Perhaps Resi 8’s best trick is how it manages to keep things varied, though. No environment outstays its welcome – even if you’re rooting out every last bit of optional hidden treasure – and each has its own mechanics and emphases for you to master.
A next-gen horror show
The landscapes, environments and enemies of Resident Evil Village are a treat to look at, for all the gore and rotten grossness of some of their actual appearances.
This is a lavish game and it looks its very best on next-gen. We played through on a PlayStation 5 and enjoyed a mostly stable 60fps with ray tracing on (for lighting that’s dazzling at times), and pinpoint resolutions, which are mirrored on the Xbox Series X. Less powerful consoles will make concessions on both counts, but we’d recomend choosing the higher frame-rate options if you have a choice – you’ll need that smoothness!
It looks brilliant, regardless, particularly when Capcom deigns to let you enjoy a bit of light – whether it’s the beatiful, ornate state rooms of the castle, or the sun breaking through bare trees to light the village itself.
The details on your weaponry, on statues and monuments, in costumes and architechture, are all first rate, and it comes together to make this slightly ridiculous and horror-infused world feel about as real as you could hope.
Oozing with extras
Once you finish the story for the first time, which will likely run you somewhere approaching 10 hours, you’ll be greeted with reams of information boxes all revealing the same broad truth – that there’s plenty more to sink your teeth into.
Whether it’s harder difficulty modes – we think the regular difficulty could have been more testing as the game wore on – or specific challenges, there’s ample motivation to revisit the story.
You’ll have the option of taking on seemingly near-impossible demands like playing through with melee-only weaponry or seeking out every collectible and note possible, all to earn more extra content like concept art and detailed 3D models to view.

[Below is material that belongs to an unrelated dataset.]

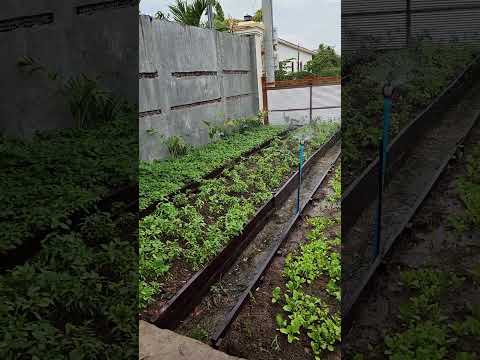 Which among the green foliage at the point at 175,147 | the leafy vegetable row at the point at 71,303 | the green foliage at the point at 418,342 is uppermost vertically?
the green foliage at the point at 175,147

Plus, the game has brought back the fan-favourite Mercenaries mode for an even more substantive extra. It drops you in locations from the story to defeat set waves of enemies to time limits, with gameplay modifiers and control over your loadout.
It’s great fun, especially as a palate-cleanser compared to the more challenging and ammo-scarce story, and there are once again plenty of challenges to complete and grades to earn.
It also crowns a selection of extra content that’s genuinely impressive and endearing, given that almost all of the little bonuses could probably have slipped off without anyone complaining too much.
Any time you’re starting to feel confident and familiar in one of Resident Evil Village’s environments, the game plops you down in a new one, or asks you to play in a different way, making for a smorgasbord of fear, and it all builds to a crescendo that’s both thrilling and loony.
If you’re on the Resident Evil train, this is another tour de force; and if you’re not, it’s a surprisingly welcoming place to start. The game revels in its tone, delivering an Eastern European nightmare world that’s an absolute blast to play – whether creeping carefully or going guns-a-blazing.